La cour rejette cette argumentation. Elle relève que la société cessionnaire « ne démontre pas que les tuiles affectées de désordres postérieurement à cette date ont une origine commune avec les désordres constatés antérieurement », par exemple « en ce que ces tuiles proviendraient d’un même lot présentant un vice de fabrication démontré ».
La société soutenait que l’existence d’une prétendue garantie trentenaire non déclarée constituait cette origine commune. La cour écarte cet argument en relevant que « la question de la durée de la garantie contractuelle du produit ne constitue pas un critère de l’article 15.1 (a) (VI), lequel porte sur les dommages résultant d’un vice du produit, qu’il soit apparent ou caché ». Elle ajoute que la clause relative aux inexactitudes dans les déclarations « ne prévoit pas la possibilité de couvrir une série de dommages, contrairement au point (VI) ».
Cette analyse interdit au cessionnaire de cumuler les avantages de deux clauses distinctes. La notion de série de dommages, prévue uniquement pour les vices des produits, ne peut être transposée à la garantie des déclarations inexactes.

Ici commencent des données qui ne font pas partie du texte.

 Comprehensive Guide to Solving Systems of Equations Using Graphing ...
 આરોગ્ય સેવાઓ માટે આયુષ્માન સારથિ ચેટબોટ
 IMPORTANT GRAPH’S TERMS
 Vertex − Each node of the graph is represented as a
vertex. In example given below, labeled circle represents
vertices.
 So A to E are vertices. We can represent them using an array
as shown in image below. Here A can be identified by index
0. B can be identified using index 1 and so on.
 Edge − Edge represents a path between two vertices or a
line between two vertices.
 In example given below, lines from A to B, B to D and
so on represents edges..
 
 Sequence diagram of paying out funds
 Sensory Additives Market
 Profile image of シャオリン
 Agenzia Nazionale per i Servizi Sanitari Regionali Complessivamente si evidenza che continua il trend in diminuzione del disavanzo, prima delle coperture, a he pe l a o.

Le cessionnaire ne peut donc pas réclamer aux cédants « la prise en charge des désordres survenus postérieurement au 23 décembre 2013, en faisant valoir que les clients se sont prévalu, sans certificat, d’une garantie trentenaire alors que la garantie contractuelle est de deux ans ».
La cour procède ensuite à un réexamen méthodique des trois chefs de préjudice invoqués. Pour les vices des tuiles, seuls les dommages mentionnés dans la lettre du 18 décembre 2013 sont retenus, soit 90.769 euros. Pour le licenciement, seule l’indemnité de licenciement stricto sensu est admise, soit 13.639,98 euros. Pour les primes de casse-croûte, les primes postérieures à la cession et celles prescrites sont exclues, ramenant ce poste à 12.158,16 euros. Après déduction de la franchise de 10.000 euros, la garantie s’établit à 106.567,14 euros, conduisant à la condamnation de la société cessionnaire à restituer 62.234,86 euros.